Hashmi, who is in the middle of her second term in the Senate, is emphasizing her legislative experience and her perspective as the only woman in the race as key reasons voters should choose her.

Hashmi on a cold winter day outside the Capitol.

“[I] have an actual legislative track record that addresses the issues that Virginians most care about: education, health care, housing, and opportunity,” she said in a statement to Virginia Scope.

“When Trump came after abortion rights, I wrote the bill protecting contraception and helped to draft language for our constitutional amendment protecting abortion; that’s why I’m the only candidate endorsed by abortion rights groups,” she continued. “When Trump came after our health care, I wrote the plan to protect Medicaid in Virginia. In the face of attacks on public education, I crafted the budget plan to increase funding for our schools.”

Stoney is also leaning on his experience, as the only candidate in the race to work as an executive in government.

“As secretary of the Commonwealth and mayor of Richmond, I didn’t just talk; I delivered,” he wrote in a statement to Virginia Scope. “We cut poverty by a third, increased school funding by nearly 60%, and built new schools and affordable housing. We created real jobs that lift people up, and when history called on us to remove every Confederate monument in the former capital of the Confederacy, we got it done.”

Stoney at a campaign event in Alexandria with his daughter and endorser, former Gov. Terry McAuliffe.

“Donald Trump and his allies have a target on Virginia’s back,” Stoney continued. “From federal workers to families who rely on food assistance and Medicaid, they’ve shown us exactly who they are. This moment demands leadership with experience, urgency, and a track record of getting things done.”

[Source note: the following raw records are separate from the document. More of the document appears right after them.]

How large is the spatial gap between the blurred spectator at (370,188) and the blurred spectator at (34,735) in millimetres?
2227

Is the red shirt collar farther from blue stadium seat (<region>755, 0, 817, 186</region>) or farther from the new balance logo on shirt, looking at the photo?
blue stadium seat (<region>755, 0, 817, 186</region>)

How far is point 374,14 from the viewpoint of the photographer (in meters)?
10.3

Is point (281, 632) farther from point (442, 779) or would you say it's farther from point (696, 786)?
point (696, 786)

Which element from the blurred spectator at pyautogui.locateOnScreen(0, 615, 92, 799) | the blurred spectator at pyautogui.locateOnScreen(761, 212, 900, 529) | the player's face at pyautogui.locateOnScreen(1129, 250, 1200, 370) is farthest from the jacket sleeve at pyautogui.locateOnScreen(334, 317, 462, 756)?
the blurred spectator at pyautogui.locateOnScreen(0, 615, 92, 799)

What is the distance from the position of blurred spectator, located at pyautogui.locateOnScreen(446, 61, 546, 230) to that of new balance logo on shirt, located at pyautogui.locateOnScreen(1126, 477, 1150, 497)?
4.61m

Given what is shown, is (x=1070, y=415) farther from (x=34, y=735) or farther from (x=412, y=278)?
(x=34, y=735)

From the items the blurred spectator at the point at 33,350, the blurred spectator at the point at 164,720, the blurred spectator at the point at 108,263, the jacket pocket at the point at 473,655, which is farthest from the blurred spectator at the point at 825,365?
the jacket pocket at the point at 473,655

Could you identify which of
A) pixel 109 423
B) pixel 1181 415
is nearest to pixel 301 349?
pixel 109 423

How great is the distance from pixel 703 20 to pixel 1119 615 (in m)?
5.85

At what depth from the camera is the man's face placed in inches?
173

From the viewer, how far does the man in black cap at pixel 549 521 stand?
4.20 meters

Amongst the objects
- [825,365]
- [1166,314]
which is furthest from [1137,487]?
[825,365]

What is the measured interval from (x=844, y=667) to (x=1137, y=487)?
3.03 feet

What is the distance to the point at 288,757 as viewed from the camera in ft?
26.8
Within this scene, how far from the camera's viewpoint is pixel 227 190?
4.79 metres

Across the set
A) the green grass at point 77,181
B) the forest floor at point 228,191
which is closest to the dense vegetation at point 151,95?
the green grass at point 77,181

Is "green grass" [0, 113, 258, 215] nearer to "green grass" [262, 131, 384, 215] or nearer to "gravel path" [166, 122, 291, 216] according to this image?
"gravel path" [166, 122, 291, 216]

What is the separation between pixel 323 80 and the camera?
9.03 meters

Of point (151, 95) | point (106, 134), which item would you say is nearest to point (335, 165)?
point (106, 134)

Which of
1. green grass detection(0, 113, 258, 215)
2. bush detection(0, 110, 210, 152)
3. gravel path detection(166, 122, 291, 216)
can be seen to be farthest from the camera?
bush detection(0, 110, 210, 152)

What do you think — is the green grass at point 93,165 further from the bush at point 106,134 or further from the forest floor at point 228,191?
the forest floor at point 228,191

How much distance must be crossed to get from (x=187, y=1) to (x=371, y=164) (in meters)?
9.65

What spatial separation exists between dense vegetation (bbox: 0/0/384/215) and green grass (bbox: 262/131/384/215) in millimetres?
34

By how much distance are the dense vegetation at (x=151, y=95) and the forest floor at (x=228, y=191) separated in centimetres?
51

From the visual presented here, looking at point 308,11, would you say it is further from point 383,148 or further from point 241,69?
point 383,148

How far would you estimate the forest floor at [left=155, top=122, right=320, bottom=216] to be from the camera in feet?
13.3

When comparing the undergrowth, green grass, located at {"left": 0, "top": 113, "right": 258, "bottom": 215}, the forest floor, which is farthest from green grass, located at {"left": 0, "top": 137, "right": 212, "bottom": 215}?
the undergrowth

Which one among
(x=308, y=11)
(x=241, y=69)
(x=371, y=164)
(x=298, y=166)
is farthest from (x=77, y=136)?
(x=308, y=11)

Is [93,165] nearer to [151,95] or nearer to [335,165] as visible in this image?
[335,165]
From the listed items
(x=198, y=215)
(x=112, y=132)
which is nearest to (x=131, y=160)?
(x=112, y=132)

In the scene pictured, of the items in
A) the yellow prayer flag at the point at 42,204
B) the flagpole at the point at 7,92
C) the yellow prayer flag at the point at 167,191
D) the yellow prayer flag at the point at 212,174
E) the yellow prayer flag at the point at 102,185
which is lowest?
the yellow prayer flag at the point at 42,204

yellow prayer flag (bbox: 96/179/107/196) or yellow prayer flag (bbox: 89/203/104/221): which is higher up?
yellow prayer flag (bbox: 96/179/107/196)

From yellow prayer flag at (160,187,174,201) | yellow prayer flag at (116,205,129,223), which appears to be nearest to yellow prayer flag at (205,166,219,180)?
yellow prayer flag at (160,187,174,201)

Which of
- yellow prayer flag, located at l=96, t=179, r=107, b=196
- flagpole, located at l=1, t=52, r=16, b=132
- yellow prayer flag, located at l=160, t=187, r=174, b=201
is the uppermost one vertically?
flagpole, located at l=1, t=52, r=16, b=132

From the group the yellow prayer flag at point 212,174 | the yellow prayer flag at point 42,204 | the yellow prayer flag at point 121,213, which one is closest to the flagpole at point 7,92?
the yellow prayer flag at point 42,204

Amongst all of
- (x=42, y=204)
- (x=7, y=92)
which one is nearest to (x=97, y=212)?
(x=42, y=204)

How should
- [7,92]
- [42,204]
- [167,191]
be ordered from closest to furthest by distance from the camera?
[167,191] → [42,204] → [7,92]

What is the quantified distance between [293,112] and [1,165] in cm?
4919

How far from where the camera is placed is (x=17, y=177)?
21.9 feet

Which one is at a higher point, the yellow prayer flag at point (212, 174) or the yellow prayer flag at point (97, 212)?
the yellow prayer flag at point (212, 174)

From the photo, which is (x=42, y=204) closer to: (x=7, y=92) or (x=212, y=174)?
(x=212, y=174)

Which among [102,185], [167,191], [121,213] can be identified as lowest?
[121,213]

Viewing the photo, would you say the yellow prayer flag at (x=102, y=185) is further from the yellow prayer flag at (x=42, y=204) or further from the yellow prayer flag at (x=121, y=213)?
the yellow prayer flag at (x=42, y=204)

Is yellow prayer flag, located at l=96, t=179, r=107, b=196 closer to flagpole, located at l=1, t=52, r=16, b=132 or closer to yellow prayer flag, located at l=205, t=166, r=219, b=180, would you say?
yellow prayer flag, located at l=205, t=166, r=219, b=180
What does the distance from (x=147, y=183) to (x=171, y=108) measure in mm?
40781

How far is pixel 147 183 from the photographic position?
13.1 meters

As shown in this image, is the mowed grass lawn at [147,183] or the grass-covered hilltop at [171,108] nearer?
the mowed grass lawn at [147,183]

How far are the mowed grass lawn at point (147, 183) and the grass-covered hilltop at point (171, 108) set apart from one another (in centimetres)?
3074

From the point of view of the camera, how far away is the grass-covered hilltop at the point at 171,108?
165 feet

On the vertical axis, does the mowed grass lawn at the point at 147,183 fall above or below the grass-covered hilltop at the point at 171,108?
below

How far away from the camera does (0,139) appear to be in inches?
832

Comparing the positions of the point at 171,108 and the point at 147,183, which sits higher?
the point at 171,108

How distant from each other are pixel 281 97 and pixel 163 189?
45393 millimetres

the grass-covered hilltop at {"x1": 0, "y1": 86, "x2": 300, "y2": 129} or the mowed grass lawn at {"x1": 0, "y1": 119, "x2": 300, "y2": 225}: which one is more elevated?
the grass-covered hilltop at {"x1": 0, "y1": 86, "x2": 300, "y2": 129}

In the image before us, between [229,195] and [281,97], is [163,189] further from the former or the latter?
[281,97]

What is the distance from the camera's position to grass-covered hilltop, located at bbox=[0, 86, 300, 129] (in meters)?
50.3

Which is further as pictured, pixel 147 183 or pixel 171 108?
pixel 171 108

Rouse says he is the fighter Virginia needs to stand up to Trump’s administration, citing his recent action to block former Virginia Attorney General and Trump appointee Ken Cuccinelli from the University of Virginia Board of Visitors.

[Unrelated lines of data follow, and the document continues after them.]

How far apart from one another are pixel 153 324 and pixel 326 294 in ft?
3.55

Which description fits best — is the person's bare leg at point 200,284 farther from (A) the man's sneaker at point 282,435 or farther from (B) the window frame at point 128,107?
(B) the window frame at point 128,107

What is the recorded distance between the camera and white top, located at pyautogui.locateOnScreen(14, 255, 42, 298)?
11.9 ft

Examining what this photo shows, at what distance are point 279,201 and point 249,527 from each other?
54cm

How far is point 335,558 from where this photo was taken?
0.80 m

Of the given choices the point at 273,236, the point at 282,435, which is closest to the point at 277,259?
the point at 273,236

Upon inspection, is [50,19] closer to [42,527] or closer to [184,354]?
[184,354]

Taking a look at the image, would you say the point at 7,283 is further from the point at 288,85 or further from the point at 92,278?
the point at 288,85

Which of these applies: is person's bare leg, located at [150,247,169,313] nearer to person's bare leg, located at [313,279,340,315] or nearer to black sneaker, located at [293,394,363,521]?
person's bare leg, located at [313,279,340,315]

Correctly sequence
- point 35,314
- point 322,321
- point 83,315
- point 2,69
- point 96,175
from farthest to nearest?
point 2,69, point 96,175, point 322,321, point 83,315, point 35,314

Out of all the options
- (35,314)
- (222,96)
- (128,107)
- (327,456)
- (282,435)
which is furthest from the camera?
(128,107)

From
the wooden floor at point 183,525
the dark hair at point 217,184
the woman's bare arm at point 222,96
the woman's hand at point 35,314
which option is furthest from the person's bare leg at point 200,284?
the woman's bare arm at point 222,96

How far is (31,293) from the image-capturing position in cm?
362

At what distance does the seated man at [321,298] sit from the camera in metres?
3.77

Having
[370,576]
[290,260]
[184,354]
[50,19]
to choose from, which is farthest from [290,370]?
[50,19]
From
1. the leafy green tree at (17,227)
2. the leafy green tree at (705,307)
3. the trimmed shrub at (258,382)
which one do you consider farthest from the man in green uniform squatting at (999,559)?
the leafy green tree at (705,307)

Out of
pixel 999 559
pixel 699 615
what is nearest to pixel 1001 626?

Rouse at an event in Richmond in June.

“We need a fighter who can stand up to Trump and get things done for Virginians, and my record is crystal clear,” he said in a written statement to Virginia Scope. “Just this week, when Trump Project 2025 architect Ken Cuccinelli defended the use of the American military against American citizens, I kicked him off the UVA board because MAGA extremism doesn’t belong in our Commonwealth.”

Rouse also cited how he voted to protect abortion rights after flipping a Republican Senate seat in a special election, passed legislation to protect federal workers laid off by the Trump administration from being evicted, and introduced legislation to lower prescription drug prices.

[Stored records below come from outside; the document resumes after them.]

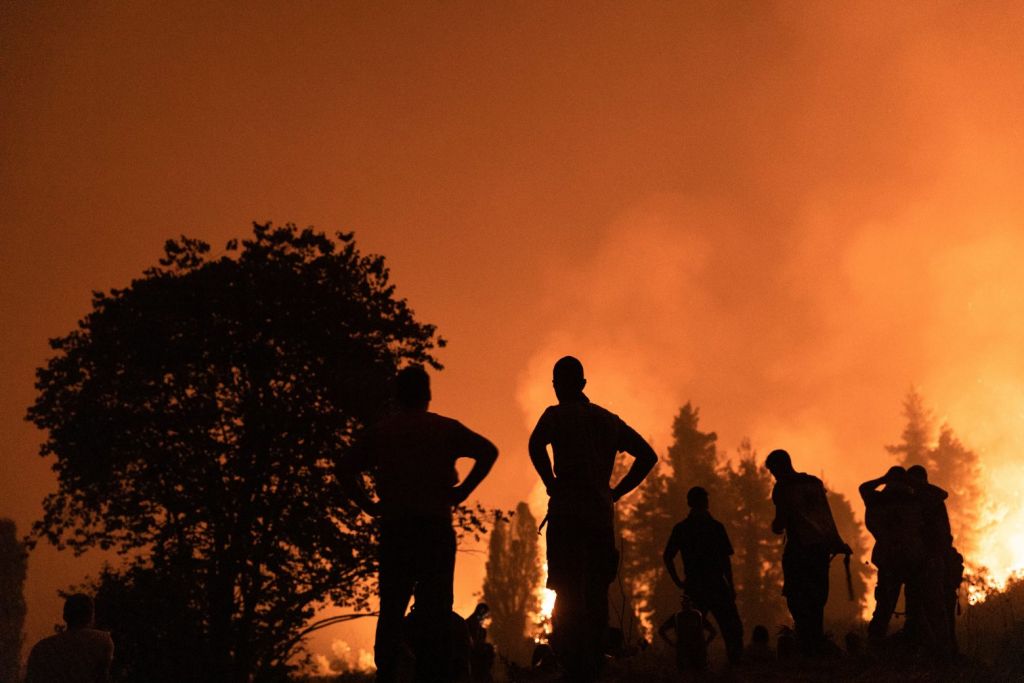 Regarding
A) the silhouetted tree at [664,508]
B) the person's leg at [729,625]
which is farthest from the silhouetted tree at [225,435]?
the silhouetted tree at [664,508]

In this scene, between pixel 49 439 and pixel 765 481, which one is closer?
pixel 49 439

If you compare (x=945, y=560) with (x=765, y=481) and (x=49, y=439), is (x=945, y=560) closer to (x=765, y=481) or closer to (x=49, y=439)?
(x=49, y=439)

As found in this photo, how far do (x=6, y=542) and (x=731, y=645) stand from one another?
59.9 meters

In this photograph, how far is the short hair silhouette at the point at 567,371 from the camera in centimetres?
797

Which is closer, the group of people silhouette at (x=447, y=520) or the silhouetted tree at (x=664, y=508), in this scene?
the group of people silhouette at (x=447, y=520)

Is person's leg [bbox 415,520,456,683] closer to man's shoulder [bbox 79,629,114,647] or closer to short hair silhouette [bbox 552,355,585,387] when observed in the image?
short hair silhouette [bbox 552,355,585,387]

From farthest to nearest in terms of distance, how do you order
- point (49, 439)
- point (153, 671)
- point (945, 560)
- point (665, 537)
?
1. point (665, 537)
2. point (49, 439)
3. point (153, 671)
4. point (945, 560)

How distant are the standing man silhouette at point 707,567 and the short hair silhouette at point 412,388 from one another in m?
6.99

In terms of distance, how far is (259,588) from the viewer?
24312 mm

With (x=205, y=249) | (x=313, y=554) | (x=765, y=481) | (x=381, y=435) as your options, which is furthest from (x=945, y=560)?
(x=765, y=481)

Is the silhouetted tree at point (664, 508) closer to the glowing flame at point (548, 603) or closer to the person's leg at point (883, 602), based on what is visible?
the glowing flame at point (548, 603)

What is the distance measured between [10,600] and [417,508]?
65.3 meters

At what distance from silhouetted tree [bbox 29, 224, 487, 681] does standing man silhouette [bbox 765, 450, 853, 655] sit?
14.4 m

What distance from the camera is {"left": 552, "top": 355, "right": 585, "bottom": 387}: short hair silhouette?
797cm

Salgado, who has never held elected office but served as a federal prosecutor, is using that experience to persuade voters.

“Who would you want next to Governor Spanberger if and when President Trump does here in Virginia what he’s doing in California?” he said in a written statement to Virginia Scope. “I’ve been preparing my entire career for this type of fight.”

Salgado’s Twitter profile picture.

Salgado said he would also pursue campaign finance reform along with safety and pro-growth policies that prioritize Virginia’s small- and medium-sized businesses.

Bastani, who has raised little money and is largely self-funding, is calling for sweeping changes in the commonwealth like universal health care and a $20 minimum wage.

Bastani

“We need deep, structural change to our system,” he said during the NPHC forum.

Primary day is June 17, and with no clear front-runner, each candidate is hoping their message will be the one that cuts through.